Profits for the period totaled €1.46 billion ($1.7 billion), roughly in line with what Generali said was a consensus market forecast of €1.43 billion. The result included a €253 million net loss on the sale of the Dutch unit this year.

Generali, which has more than €500 billion in invested assets, is looking to shrink its global footprint by selling businesses in some 13 countries to raise €1 billion.

The insurer wants to use the proceeds to help fund an expansion of asset management operations and beef up fee-based business, especially in core markets Italy, France and Germany.

"The results confirm our excellent trend ... we can confirm our target of paying out €5 billion of dividends (from 2017) to 2019," Chief Financial Officer Luigi Lubelli told reporters a conference call.

Operating profits in the first nine months were flat on the year at €3.6 billion, after a €70 million rise in natural catastrophe claims.

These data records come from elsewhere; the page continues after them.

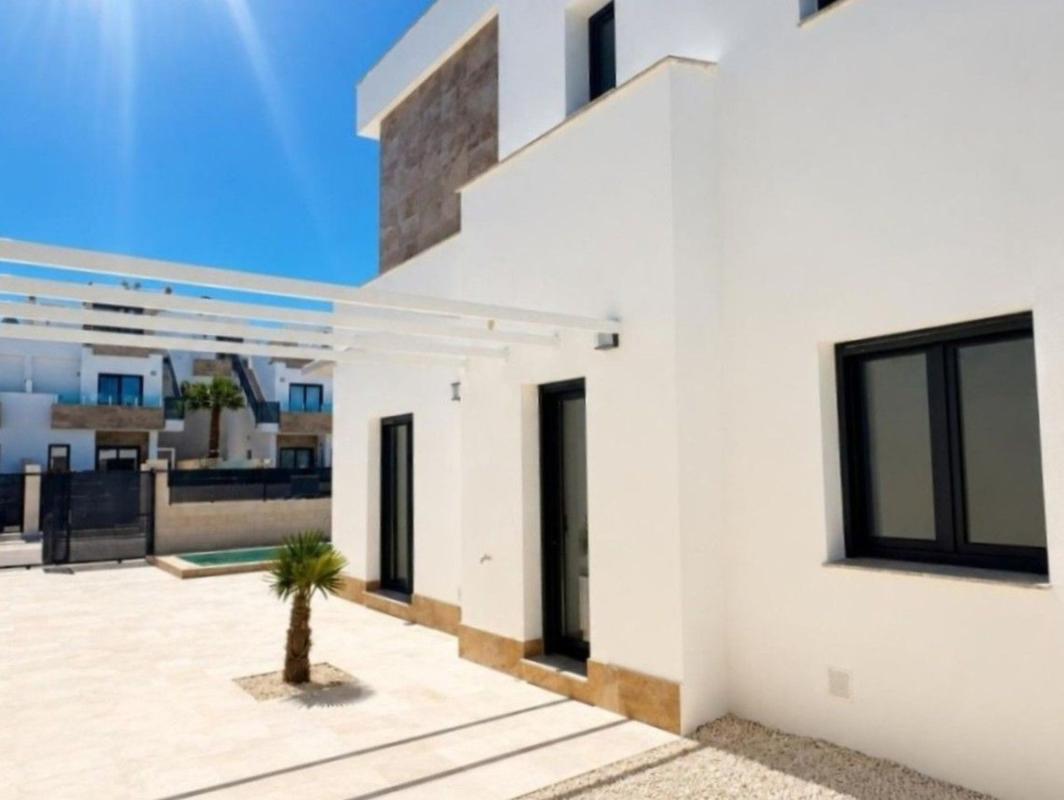 Properties for sale and rent in Spain photo 5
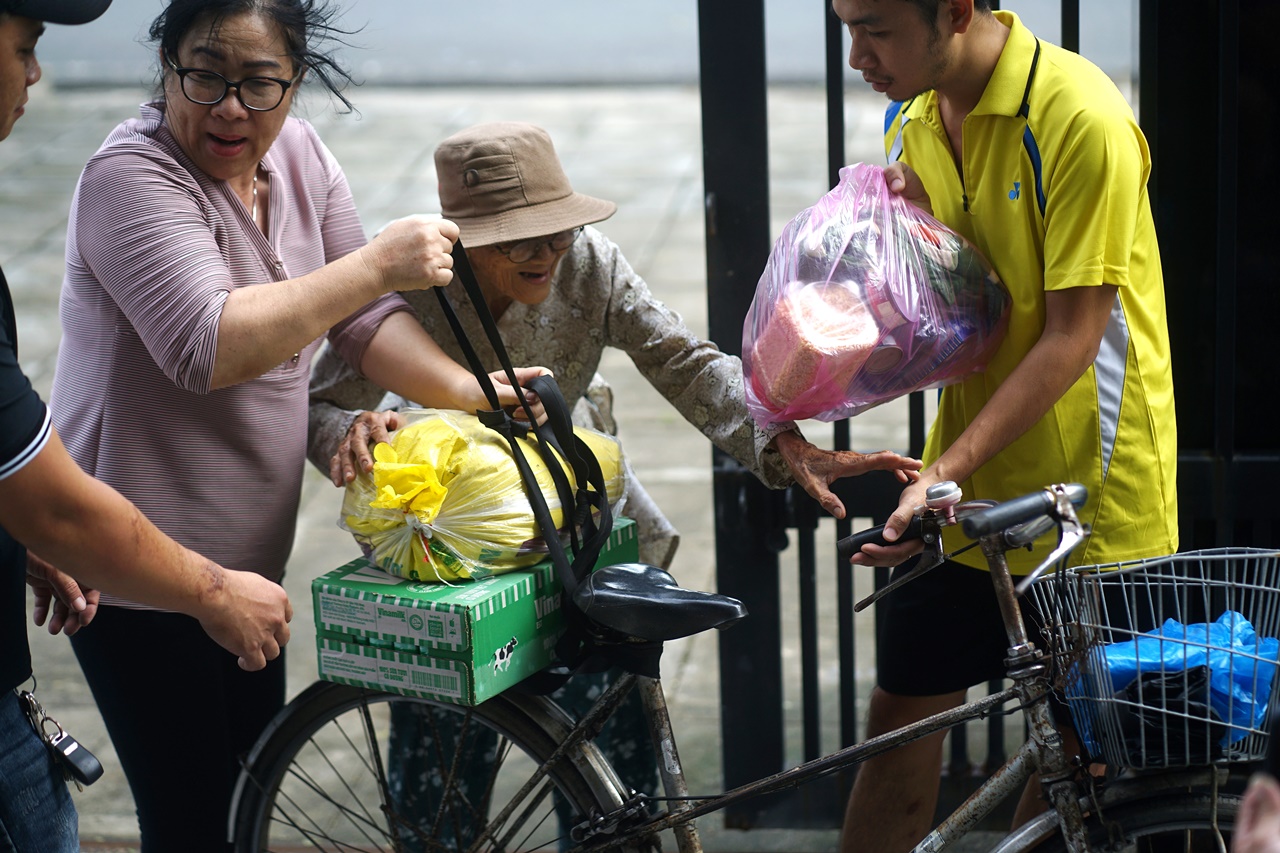 Hình ảnh cụ bà 85 tuổi còng lưng giữa gió lớn ở Đắk Lắk khiến nhiều người nghẹn lòng- Ảnh 4. Hình ảnh cụ bà 85 tuổi còng lưng giữa gió lớn ở Đắk Lắk khiến nhiều người nghẹn lòng- Ảnh 4.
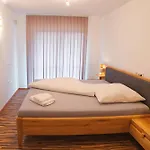 Ek - Living Ferienhaus, 8 Personen - 550 M Zur Spieljochbahn - Zillertal *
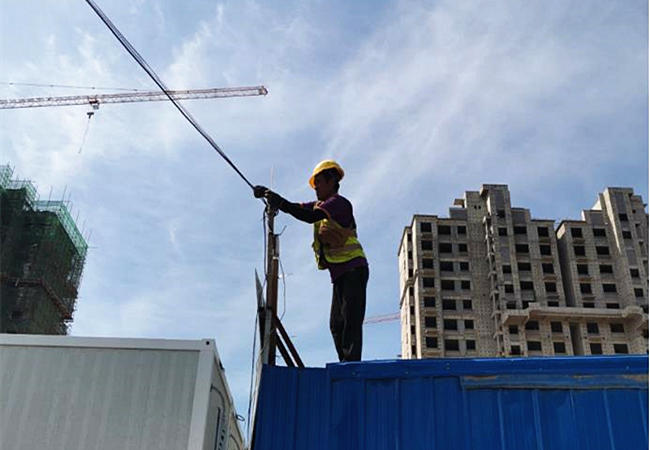 筑牢平安之基 争当“安全之星”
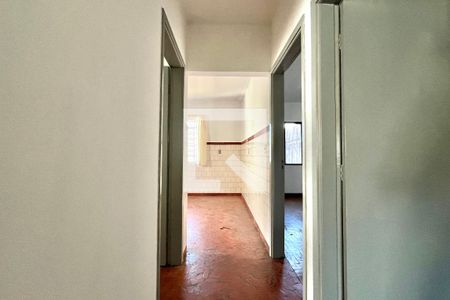 Corredor de casa à venda com 2 quartos, 300m² em Cidade Domitila, São Paulo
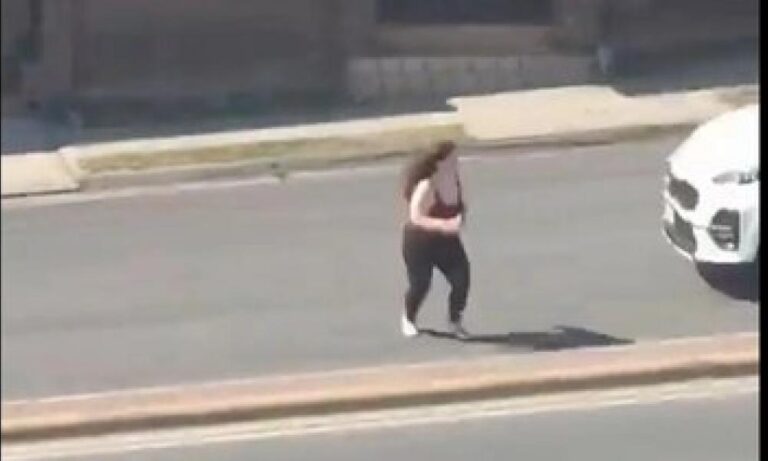 Μεξικό: Σοκαριστικό τροχαίο – Γυναίκα βγαίνει ξαφνικά στον δρόμο και αυτοκίνητο την εκτοξεύει μέτρα μακριά
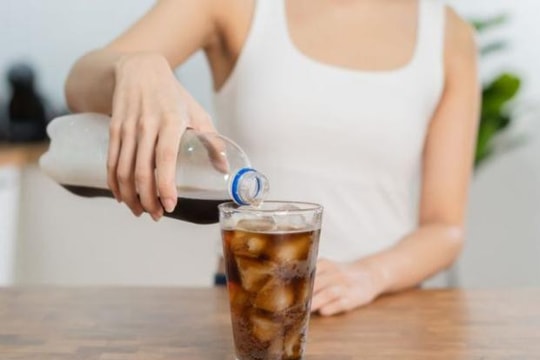 7 tác hại nghiêm trọng do sở thích uống nước ngọt thường xuyên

Europe's third-largest insurer said it would take around €80 million in restructuring costs this year at its German business, which it is overhauling ahead of a possible sale of its life insurance portfolio there.

Generali, controlled by influential investment bank Mediobanca, has a life insurance portfolio of €40 billion in Germany, its second-biggest market.

Mr. Lubelli confirmed the group was looking at a series of options for the portfolio.

Generali shares were little changed at €15.60 each after the result, in line with the benchmark European insurance index, which was also flat.